The Augustinian Constitutions as promulgated at that time incorporated this decision in Chapter 37, and said that the copyists employed for the library were to be "one or more," according to the community's possibilities. Masters of theology had also their own secretaries or amanuenses, as may be seen in the legislation of the time and in the situation of men like Giles of Rome O.S.A. and James of Viterbo O.S.A. This privilege was terminated in 1354, however, because of an increase in the number of doctors and a decrease in resources, but the General Chapter of 1357 tried to make up for it by assigning secretarial duties as the responsibility of a professor's servant.
Pictures (at right) Picture 1: Bound manuscript of “lost” sermons of St Augustine, found in a library at Mainz, Germany in 1990. Pictures 2 & 3: Drawings of work in a medieval scriptorium.
The scriptorium was located outside the area of the cloister and somewhere near the entrance of the house, for we may assume that the following regulation made with reference to a doctor's copyist was valid also for one employed for the community library: "A secretary may not sleep in the house, nor is he to be allowed into the work areas and private affairs of the same." Among the copyists there were also some of the friars who transcribed codices for their own use or for the library of the house. Many of these would have been students who, with an eye toward their future work, made copies of books available in the general study house where they were, but which they did not expect to find in the libraries of their own provinces. Others were calligraphers by avocation, friars who loved books, hated idleness and wanted to serve the common good.

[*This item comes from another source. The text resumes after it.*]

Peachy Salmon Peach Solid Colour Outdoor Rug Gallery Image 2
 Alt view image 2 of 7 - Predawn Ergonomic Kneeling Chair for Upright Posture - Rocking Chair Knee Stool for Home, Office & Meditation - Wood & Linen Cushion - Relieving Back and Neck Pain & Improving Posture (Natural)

Jordan of Saxony O.S.A. recorded that in his time (before 1357) the Order had a number of these friars, whom he mentioned as praiseworthy for being good scribes and bookbinders. The names of others may be found in old inventories and in the explicit or colophon of more than 200 codices still extant in European libraries. After the year 1332 there were Augustinians among the caretakers of the papal library in Avignon, friars who looked after its development and who compiled one of its earliest catalogues. By contrast, nearly all the miniaturists and artists who illuminated Augustinian choir tomes and other precious manuscripts in Augustinian libraries were not Augustinians.